Boost had no problem with the end that Tika didn't like (and that's supposedly the "difficult" end for most dogs), but, turning left, she entered on the wrong side every time. I made the angle easier and easier until she started getting it--had to be almost straight on. As soon as we angled out about 15 degrees back towards the tunnel, she'd revert to the wrong side. I dropped out all except 3 poles. Same problem. Dropped to 2 poles, and all of a sudden she could make the correct entry every time.
And a little lightbulb2 went off in my head. And that lightbulb said, "You've had EXACTLY the same lightbulb before!" And that previous lightbulb said, "I've determined that she has trouble entering weaves when she has to bear left." (Right here in this very blog post from August 2007.)

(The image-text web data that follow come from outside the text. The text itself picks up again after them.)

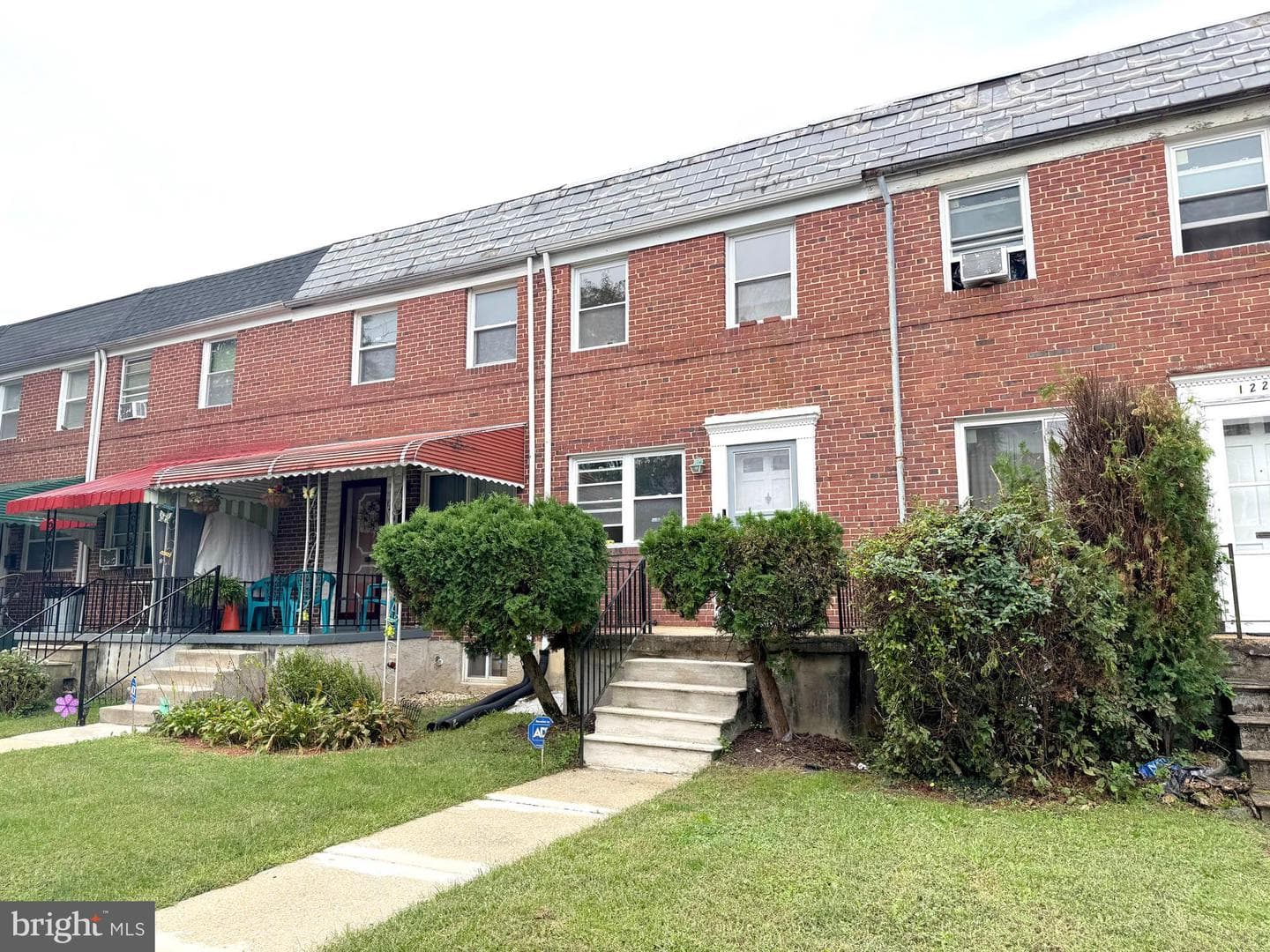 1226 N Augusta Avenue photo 2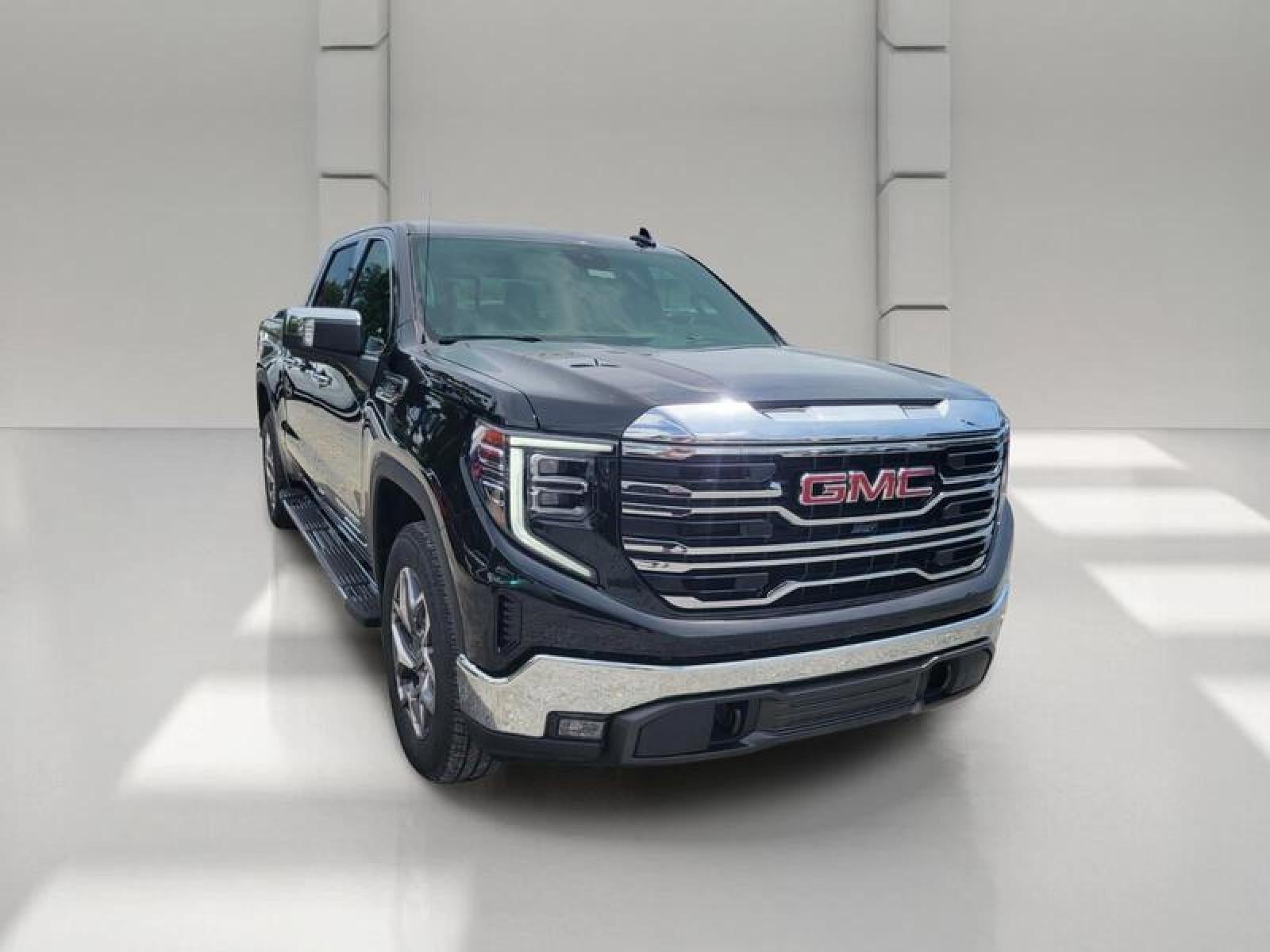 2026 GMC Sierra 1500 Crew Cab Short Box 2-Wheel Drive SLT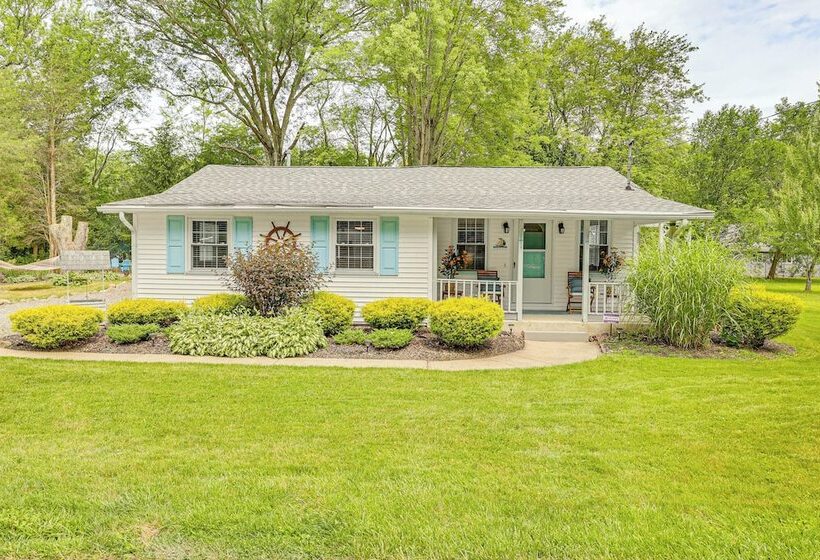 Family Home W/ Hot Tub: 1/2 Mi To Lake Milton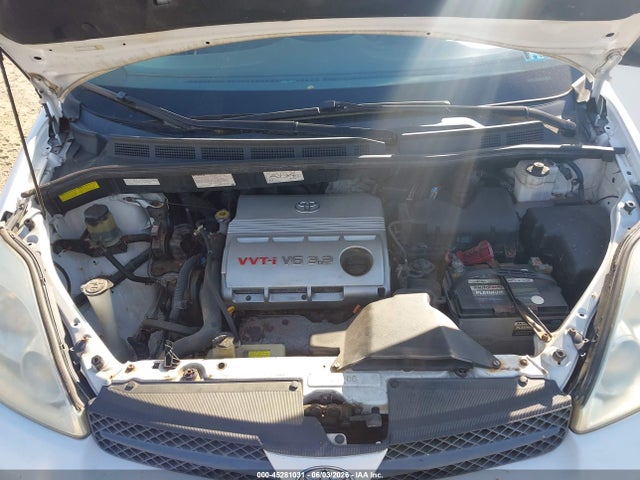Продажа на аукционе авто 2004 Toyota Sienna Le, vin: 5TDBA23C94S007068, номер лота: 45281031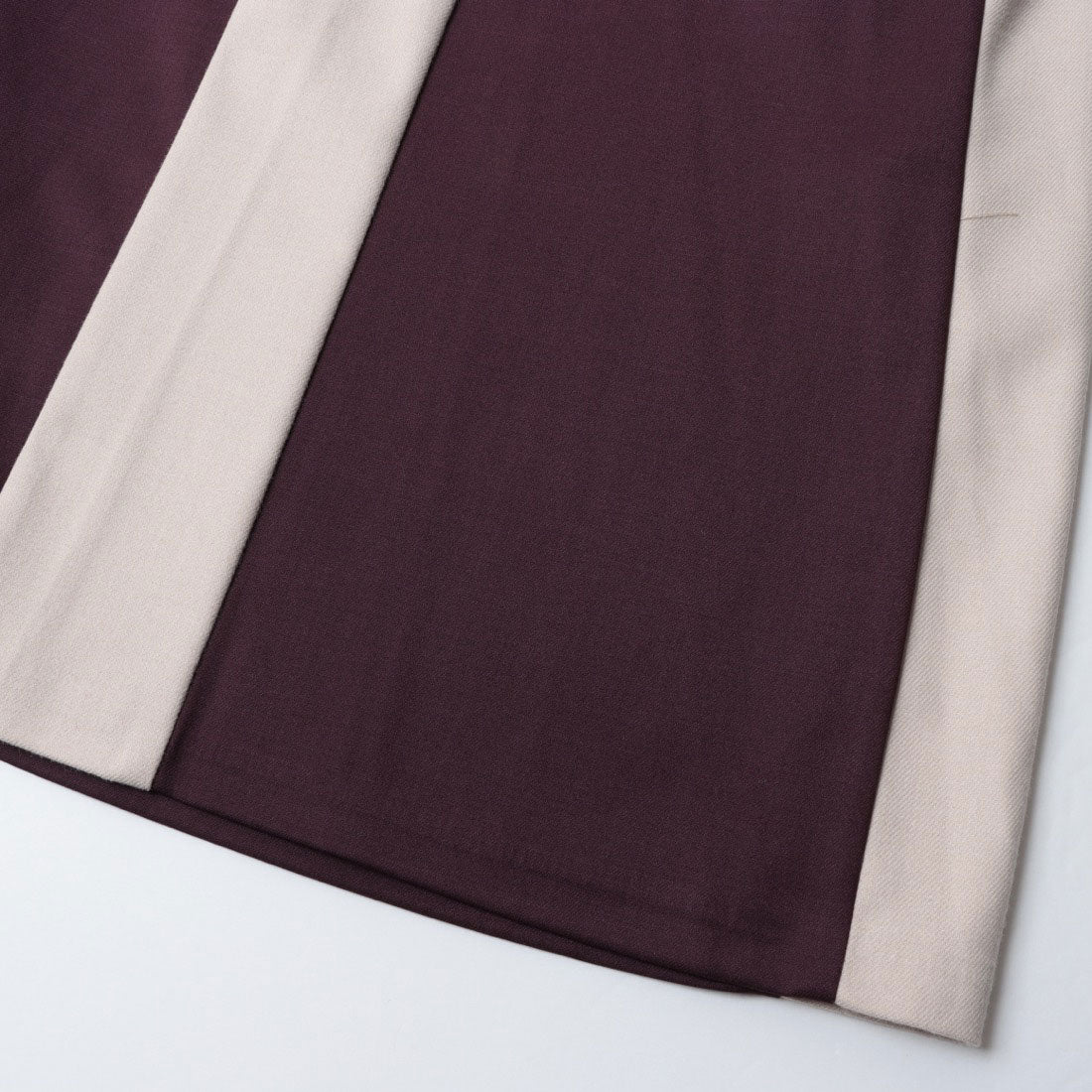 リナシメント RINASCIMENTO バイカラーラインOP （var.Rosso Bordeaux） var.Rosso Bordeaux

So, I have zeroed in on what I hope is not a malignant problem, but merely a benign but annoying lump upon which I must use precision tools to make sure that it doesn't recur.
OK, I'm set. I have a plan and two huge bandaids on my certain anatomical part that I'm not supposed to remove or shower over for another day, so let's hope I don't work up too huge a sweat while practicing weave entries.
Mood: Waiting. Hopeful.
1 These images cost me $10 and an hour of waiting. I hope you appreciate them as much as I do.
2 LED, of course, or perhaps compact fluorescent.